* Data to use
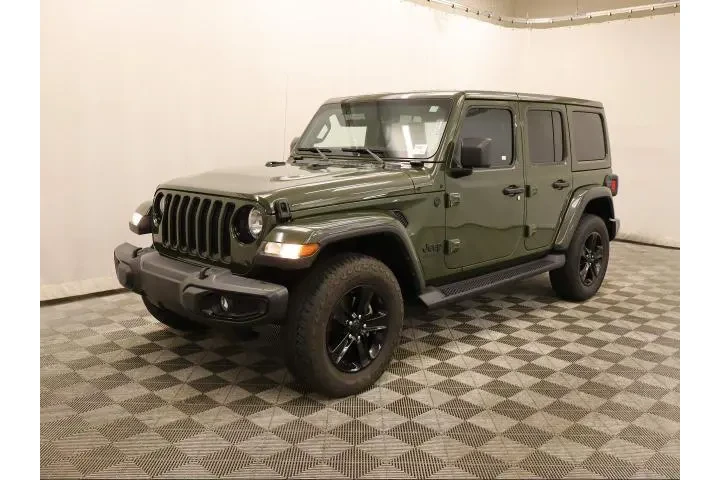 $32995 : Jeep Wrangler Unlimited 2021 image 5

--

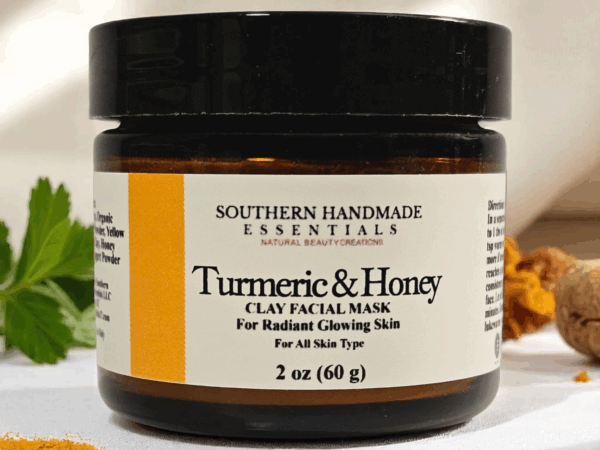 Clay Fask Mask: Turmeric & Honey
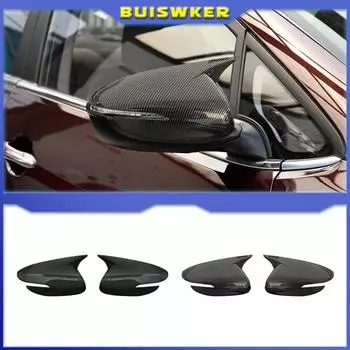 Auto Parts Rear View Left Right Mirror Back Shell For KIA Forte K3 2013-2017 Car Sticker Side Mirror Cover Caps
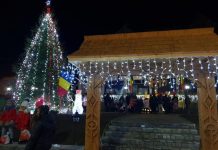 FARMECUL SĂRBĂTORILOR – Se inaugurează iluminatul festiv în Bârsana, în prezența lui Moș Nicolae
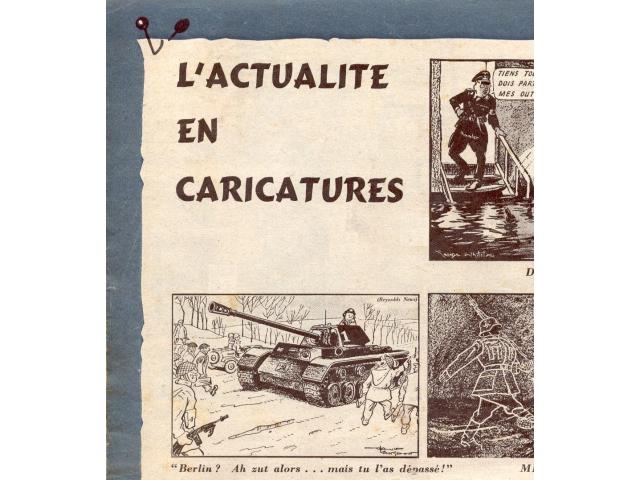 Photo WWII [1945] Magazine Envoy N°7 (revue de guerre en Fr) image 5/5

* Directions
Starting with the line above that holds "FARMECUL SĂRBĂTORILOR –", restate each line word for word up to and including the line that holds "Photo WWII [1945]". Drop the pictures.

* Written solution
 FARMECUL SĂRBĂTORILOR – Se inaugurează iluminatul festiv în Bârsana, în prezența lui Moș Nicolae
 Photo WWII [1945] Magazine Envoy N°7 (revue de guerre en Fr) image 5/5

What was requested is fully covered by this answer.